Car les bienfaits de la cohérence sont multiples! David Servan-Schreiber cite plusieurs résultats d’études dans son livre Guérir (p.74 à 78):

baisse du niveau de stress et de la dépression et amélioration de l’état physique chez un groupe de patient souffrant d’insuffisance cardiaque sévère (Université de Stanford, Dr.

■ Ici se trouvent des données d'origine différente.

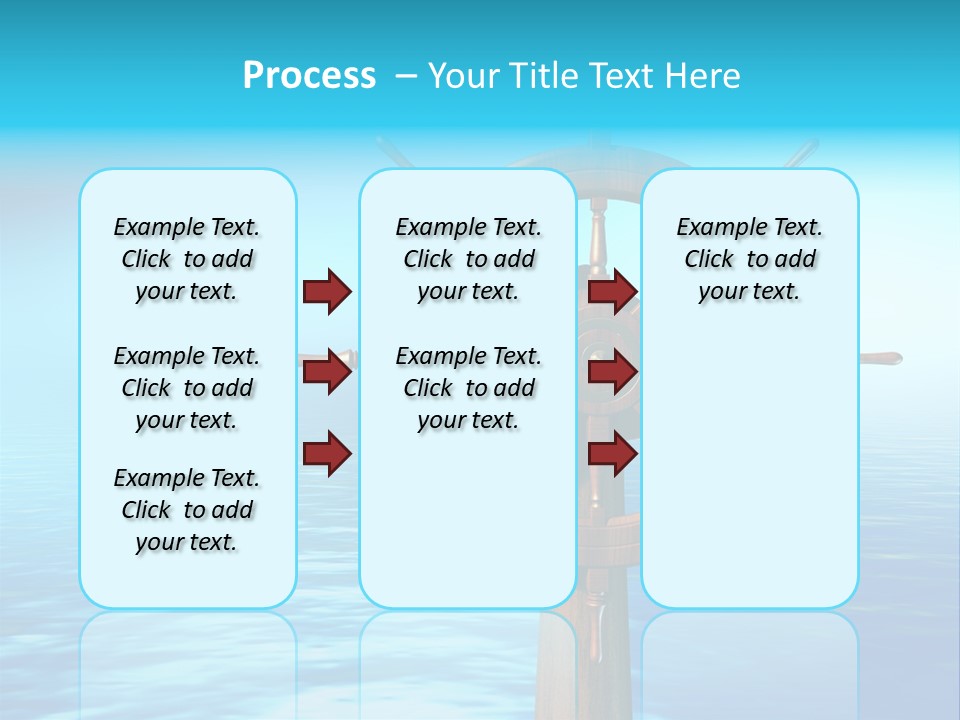 Ship Wheel Over A Sea Background. Digital Illustration PowerPoint Template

Luskin, 2002)

baisse de la tension artérielle équivalente à la perte de 10 kilos chez des milliers de cadres de grandes entreprises (Barrios-Choplin, B., R. Mc Craty, et al., 1997)

augmentation de 100% du taux moyen de DHEA, l’hormone de jouvence (Baulieu, E., G. Thomas, et al., 2000)

amélioration notable chez les femmes des symptômes prémenstruels avec baisse de l’irritabilité, de la dépression ou de la fatigue (McCraty, R., B. Barrios-Choplin, et al., 1998)

renforcement du système immunitaire avec augmentation de la production d’IgA (immunoglobulines A, la première ligne de défense de l’organisme contre les agents infectieux) pendant les six heures suivant la cohérence cardiaque. (Rein, G., R. McCraty, et al., 1995)

réduction des palpitations, des tensions dans le corps, de l’insomnie, du sentiment d’épuisement, du mal de dos ou de l’anxiété

« Dans un grand hôpital de la région de Chicago où les infirmières avaient suivi une formation, leur niveau de satisfaction au travail avait nettement augmenté. En même temps, les patients dont elles avaient la charge se déclaraient plus satisfaits des soins. Le taux de départ des infirmières dans l’année suivant la formation avait chuté de 20% à 4%.» (p.78)

amélioration de la capacité à gérer ses émotions, esprit plus clair, meilleure capacité d’écoute et de productivité lors des réunions

réduction de l’anxiété lors des examens et meilleure accessibilité des connaissances

David Servan-Schreiber va jusqu’à évoquer « un véritable rajeunissement de la physiologie »: « Si le stress peut faire tant de mal, cela ne me surprend qu’à moitié que sa maîtrise intérieure puisse faire tant de bien » conclut-il (p.84)

Le magazine Pratique de Santé évoque quant à lui « une succession ultrarapides d’événements subtils à l’intérieur de notre corps dont l’effet quasi-immédiat est la sédation des émotions et le ralentissement des pensées. Nous devenons ainsi capables d’influer sur une partie de notre système nerveux autonome, pourtant réputé échapper à notre volonté! » (hors série n°18 sur le syndrome métabolique, janvier 2009, p.7)

Agir plutôt que réagir… Excellente cohérence à toutes et à tous!